(What you should do) Directions for the data below: repeat exactly the lines from the one with "Welcome to the" through the one with "You can only", both included, and omit all pictures.

(Provided records)
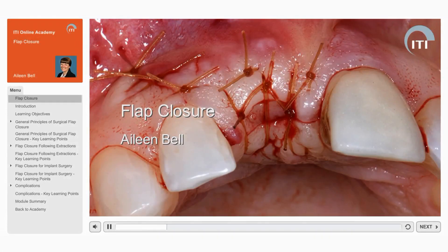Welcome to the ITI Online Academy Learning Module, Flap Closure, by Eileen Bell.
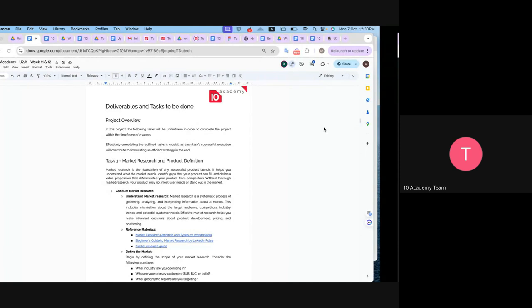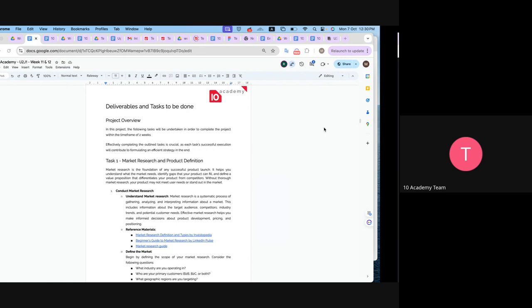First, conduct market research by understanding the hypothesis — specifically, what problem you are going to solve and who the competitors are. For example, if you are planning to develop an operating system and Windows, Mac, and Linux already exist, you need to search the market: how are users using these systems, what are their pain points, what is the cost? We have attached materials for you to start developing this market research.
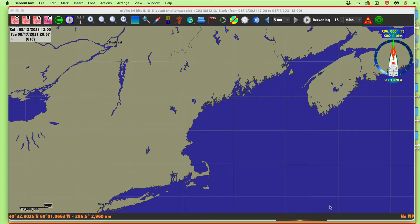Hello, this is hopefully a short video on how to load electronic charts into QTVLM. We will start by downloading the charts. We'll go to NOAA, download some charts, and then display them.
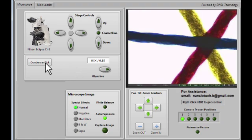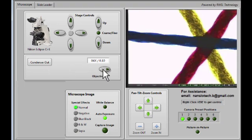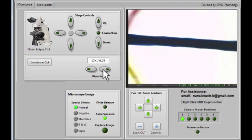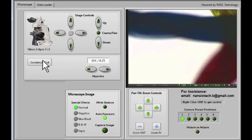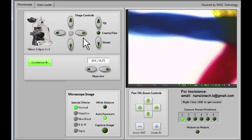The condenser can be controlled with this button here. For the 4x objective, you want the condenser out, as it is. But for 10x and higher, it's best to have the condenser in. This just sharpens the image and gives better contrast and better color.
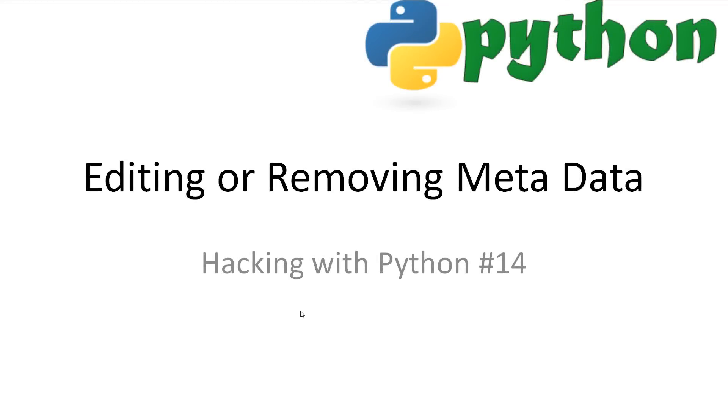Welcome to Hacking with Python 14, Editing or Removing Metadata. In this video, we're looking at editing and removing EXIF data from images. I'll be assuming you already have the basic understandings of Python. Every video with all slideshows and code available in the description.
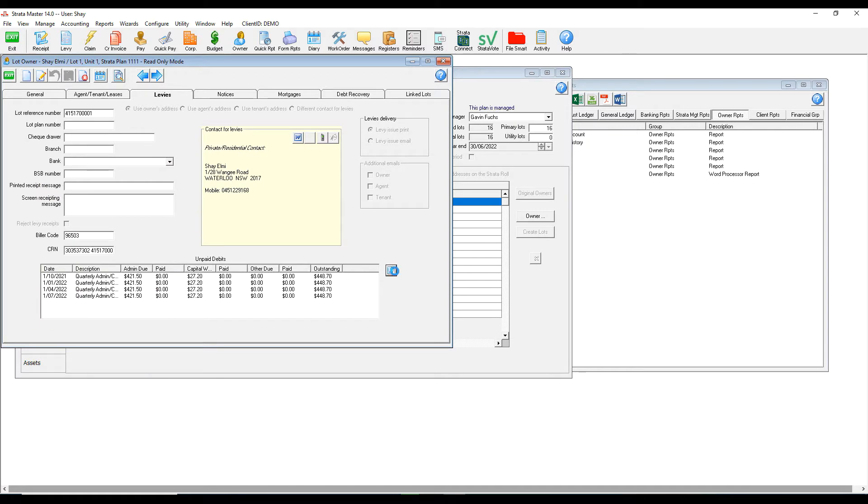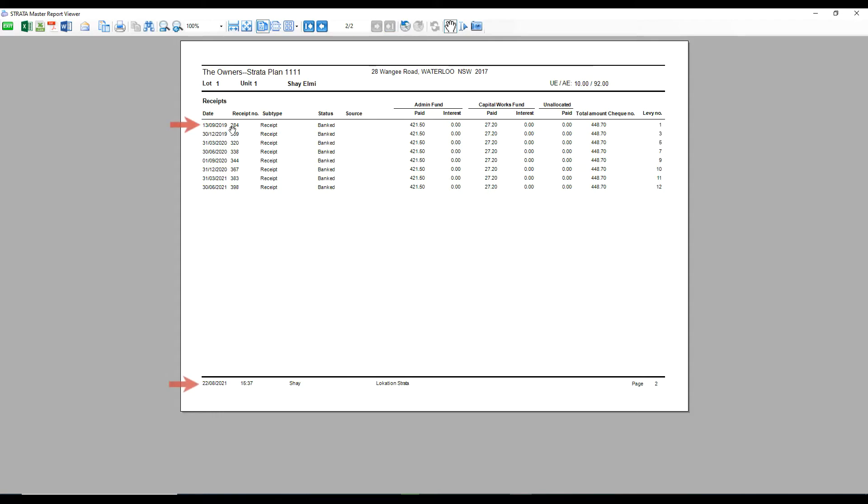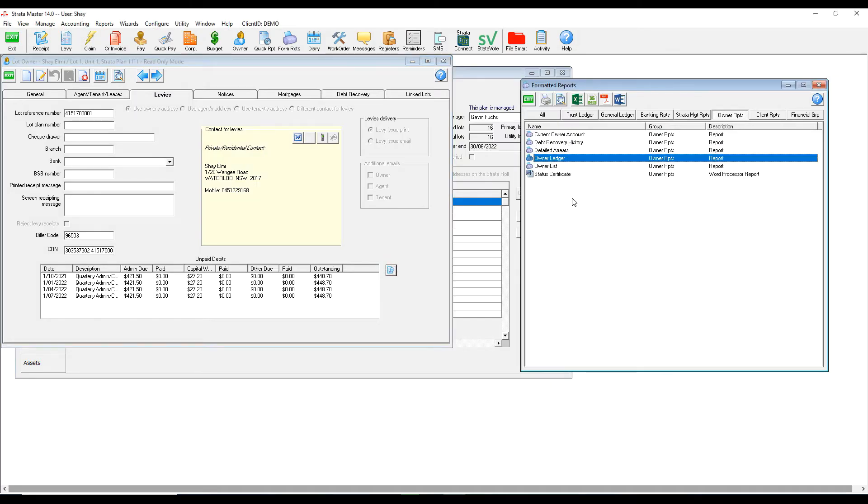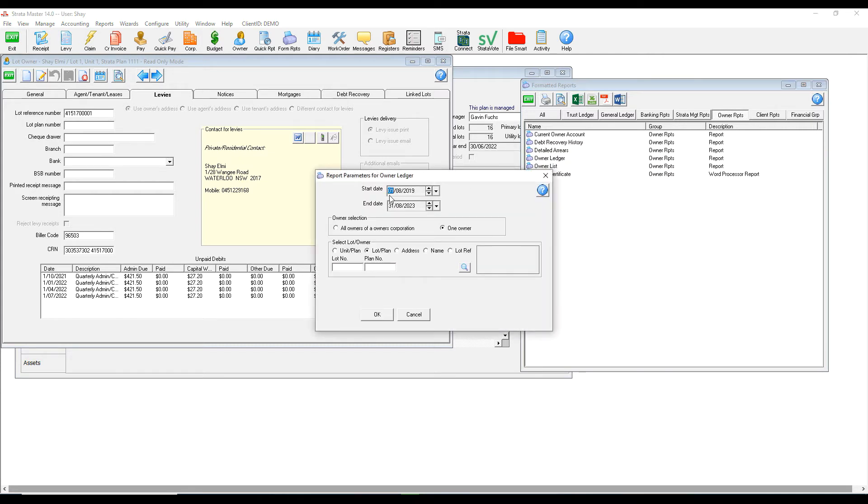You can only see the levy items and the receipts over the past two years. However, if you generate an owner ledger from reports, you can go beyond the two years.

--

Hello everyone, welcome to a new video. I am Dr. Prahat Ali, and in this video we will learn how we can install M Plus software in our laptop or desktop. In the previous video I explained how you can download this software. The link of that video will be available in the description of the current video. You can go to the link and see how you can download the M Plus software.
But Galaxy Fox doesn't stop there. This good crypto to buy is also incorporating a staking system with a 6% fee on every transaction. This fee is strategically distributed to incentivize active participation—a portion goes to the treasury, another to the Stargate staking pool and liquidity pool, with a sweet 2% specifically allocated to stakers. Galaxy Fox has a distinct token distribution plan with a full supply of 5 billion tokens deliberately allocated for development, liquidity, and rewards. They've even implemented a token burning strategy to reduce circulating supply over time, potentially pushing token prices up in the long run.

(Exercise response)
Welcome to the ITI Online Academy Learning Module, Flap Closure, by Eileen Bell.
First, conduct market research by understanding the hypothesis — specifically, what problem you are going to solve and who the competitors are. For example, if you are planning to develop an operating system and Windows, Mac, and Linux already exist, you need to search the market: how are users using these systems, what are their pain points, what is the cost? We have attached materials for you to start developing this market research.
Hello, this is hopefully a short video on how to load electronic charts into QTVLM. We will start by downloading the charts. We'll go to NOAA, download some charts, and then display them.
The condenser can be controlled with this button here. For the 4x objective, you want the condenser out, as it is. But for 10x and higher, it's best to have the condenser in. This just sharpens the image and gives better contrast and better color.
Welcome to Hacking with Python 14, Editing or Removing Metadata. In this video, we're looking at editing and removing EXIF data from images. I'll be assuming you already have the basic understandings of Python. Every video with all slideshows and code available in the description.
You can only see the levy items and the receipts over the past two years. However, if you generate an owner ledger from reports, you can go beyond the two years.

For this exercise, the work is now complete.